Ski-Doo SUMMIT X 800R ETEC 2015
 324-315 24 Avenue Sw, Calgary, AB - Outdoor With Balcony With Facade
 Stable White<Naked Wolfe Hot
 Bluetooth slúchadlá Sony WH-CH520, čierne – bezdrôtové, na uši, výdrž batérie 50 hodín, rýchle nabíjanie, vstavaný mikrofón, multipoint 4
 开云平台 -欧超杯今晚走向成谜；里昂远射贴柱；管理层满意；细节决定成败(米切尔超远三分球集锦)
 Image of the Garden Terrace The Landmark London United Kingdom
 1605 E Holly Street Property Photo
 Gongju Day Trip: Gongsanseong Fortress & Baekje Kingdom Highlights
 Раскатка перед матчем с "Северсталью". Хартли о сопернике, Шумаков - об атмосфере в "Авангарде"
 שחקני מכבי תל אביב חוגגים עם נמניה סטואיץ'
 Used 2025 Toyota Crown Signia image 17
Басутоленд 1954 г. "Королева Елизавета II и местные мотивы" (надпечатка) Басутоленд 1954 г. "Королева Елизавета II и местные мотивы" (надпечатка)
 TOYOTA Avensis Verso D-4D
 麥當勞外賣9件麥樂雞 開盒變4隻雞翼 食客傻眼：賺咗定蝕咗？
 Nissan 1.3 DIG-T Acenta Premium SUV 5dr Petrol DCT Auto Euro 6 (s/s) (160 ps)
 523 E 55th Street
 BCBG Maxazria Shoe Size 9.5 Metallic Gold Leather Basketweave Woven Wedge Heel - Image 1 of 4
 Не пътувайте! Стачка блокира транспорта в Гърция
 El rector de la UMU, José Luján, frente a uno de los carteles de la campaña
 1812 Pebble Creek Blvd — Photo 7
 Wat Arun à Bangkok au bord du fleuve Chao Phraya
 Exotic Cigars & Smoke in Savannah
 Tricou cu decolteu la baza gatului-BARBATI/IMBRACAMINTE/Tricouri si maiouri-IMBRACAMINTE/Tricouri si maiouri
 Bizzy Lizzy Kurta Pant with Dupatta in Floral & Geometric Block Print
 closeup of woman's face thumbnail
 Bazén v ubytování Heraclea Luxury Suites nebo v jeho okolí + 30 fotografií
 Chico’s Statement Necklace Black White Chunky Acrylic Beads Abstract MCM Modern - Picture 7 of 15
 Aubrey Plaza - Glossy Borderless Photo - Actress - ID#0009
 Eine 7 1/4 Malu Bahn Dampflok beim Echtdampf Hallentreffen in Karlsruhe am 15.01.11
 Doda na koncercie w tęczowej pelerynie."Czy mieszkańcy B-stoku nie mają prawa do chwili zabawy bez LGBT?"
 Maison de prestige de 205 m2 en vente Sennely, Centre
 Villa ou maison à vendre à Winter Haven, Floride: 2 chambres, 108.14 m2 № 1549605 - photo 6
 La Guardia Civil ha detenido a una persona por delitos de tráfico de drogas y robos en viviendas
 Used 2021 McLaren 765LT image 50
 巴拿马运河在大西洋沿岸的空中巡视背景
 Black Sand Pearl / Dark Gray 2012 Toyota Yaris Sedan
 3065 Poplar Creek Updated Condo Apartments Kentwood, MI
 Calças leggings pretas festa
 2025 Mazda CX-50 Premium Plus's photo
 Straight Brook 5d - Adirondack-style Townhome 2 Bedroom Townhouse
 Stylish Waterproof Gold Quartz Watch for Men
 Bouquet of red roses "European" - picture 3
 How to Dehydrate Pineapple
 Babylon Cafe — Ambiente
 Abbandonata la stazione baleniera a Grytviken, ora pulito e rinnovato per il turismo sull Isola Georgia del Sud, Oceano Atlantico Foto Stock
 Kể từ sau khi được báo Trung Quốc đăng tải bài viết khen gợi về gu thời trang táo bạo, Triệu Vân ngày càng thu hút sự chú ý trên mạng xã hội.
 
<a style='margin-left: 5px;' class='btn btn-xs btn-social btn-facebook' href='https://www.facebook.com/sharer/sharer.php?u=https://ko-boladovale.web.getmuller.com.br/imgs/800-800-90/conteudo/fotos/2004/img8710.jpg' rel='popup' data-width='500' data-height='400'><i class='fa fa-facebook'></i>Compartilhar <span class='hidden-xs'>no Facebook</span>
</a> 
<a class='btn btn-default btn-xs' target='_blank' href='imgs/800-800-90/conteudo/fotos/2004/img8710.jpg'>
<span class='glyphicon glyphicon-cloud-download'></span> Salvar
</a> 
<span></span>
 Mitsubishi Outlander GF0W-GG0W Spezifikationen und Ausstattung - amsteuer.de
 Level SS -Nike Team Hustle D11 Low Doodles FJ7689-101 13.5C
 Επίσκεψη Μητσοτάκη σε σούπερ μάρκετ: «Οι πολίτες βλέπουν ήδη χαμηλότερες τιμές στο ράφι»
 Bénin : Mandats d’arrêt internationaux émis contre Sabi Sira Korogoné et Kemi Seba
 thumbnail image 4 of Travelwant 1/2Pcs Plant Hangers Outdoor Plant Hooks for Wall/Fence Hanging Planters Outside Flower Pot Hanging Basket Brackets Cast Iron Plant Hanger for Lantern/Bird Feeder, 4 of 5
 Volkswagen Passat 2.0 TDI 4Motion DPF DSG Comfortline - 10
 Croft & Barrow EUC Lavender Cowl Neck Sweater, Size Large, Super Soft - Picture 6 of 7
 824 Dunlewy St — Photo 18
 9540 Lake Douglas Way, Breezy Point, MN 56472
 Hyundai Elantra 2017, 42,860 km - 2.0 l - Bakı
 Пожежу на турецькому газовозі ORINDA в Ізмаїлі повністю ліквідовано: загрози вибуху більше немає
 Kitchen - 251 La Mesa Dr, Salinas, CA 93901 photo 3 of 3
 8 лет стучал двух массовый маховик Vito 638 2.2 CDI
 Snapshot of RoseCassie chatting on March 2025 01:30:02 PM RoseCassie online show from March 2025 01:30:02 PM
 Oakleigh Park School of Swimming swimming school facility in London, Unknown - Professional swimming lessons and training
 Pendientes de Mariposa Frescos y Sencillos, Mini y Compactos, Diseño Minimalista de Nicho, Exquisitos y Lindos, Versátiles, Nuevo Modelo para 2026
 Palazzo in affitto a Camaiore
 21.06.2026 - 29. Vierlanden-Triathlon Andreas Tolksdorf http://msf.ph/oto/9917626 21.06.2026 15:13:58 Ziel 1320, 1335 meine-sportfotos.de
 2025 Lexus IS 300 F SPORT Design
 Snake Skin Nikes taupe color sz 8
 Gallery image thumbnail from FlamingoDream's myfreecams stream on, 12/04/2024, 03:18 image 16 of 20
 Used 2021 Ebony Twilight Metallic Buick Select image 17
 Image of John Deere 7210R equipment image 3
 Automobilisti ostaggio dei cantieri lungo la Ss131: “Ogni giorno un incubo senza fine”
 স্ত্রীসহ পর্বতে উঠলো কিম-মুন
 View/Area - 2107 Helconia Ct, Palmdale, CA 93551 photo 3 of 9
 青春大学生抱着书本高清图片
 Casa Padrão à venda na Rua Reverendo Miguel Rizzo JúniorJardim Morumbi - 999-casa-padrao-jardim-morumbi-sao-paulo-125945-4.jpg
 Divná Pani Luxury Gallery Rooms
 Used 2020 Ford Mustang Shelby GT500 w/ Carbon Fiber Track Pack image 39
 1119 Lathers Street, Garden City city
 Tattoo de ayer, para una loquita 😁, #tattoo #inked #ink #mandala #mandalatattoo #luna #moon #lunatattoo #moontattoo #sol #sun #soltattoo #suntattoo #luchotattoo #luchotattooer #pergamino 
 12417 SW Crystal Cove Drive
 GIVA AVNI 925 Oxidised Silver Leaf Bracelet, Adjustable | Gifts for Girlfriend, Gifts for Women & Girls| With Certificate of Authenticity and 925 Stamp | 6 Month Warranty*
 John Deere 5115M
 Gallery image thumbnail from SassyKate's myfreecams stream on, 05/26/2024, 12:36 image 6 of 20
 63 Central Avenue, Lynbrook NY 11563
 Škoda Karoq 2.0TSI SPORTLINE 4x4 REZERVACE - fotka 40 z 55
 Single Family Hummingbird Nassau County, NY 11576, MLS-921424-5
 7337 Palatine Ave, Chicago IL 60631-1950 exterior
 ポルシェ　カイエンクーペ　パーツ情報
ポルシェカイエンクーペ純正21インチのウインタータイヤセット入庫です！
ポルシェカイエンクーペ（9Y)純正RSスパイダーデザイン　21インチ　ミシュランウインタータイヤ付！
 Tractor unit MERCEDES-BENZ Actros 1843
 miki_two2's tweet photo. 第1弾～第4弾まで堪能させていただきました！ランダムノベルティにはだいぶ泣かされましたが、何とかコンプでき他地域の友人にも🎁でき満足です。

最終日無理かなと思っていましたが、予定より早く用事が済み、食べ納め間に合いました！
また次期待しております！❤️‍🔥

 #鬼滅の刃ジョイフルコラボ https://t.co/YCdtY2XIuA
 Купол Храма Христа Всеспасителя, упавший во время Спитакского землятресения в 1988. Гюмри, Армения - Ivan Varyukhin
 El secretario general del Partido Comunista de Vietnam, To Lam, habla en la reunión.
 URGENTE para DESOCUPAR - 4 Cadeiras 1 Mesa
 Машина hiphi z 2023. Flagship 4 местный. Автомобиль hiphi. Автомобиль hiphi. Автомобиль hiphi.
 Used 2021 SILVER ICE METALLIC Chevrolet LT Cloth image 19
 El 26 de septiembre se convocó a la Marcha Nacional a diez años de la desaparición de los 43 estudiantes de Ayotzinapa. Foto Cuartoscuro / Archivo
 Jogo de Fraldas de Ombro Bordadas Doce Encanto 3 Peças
____
◆ WORK INSTRUCTION ◆
Would you print, exactly as written, every line above from the one holding "Abbandonata la stazione" through the one holding "Bénin : Mandats", with both included and no other lines?

◆ RESPONSE TO THIS TASK ◆
 Abbandonata la stazione baleniera a Grytviken, ora pulito e rinnovato per il turismo sull Isola Georgia del Sud, Oceano Atlantico Foto Stock
 Kể từ sau khi được báo Trung Quốc đăng tải bài viết khen gợi về gu thời trang táo bạo, Triệu Vân ngày càng thu hút sự chú ý trên mạng xã hội.
 
<a style='margin-left: 5px;' class='btn btn-xs btn-social btn-facebook' href='https://www.facebook.com/sharer/sharer.php?u=https://ko-boladovale.web.getmuller.com.br/imgs/800-800-90/conteudo/fotos/2004/img8710.jpg' rel='popup' data-width='500' data-height='400'><i class='fa fa-facebook'></i>Compartilhar <span class='hidden-xs'>no Facebook</span>
</a> 
<a class='btn btn-default btn-xs' target='_blank' href='imgs/800-800-90/conteudo/fotos/2004/img8710.jpg'>
<span class='glyphicon glyphicon-cloud-download'></span> Salvar
</a> 
<span></span>
 Mitsubishi Outlander GF0W-GG0W Spezifikationen und Ausstattung - amsteuer.de
 Level SS -Nike Team Hustle D11 Low Doodles FJ7689-101 13.5C
 Επίσκεψη Μητσοτάκη σε σούπερ μάρκετ: «Οι πολίτες βλέπουν ήδη χαμηλότερες τιμές στο ράφι»
 Bénin : Mandats d’arrêt internationaux émis contre Sabi Sira Korogoné et Kemi Seba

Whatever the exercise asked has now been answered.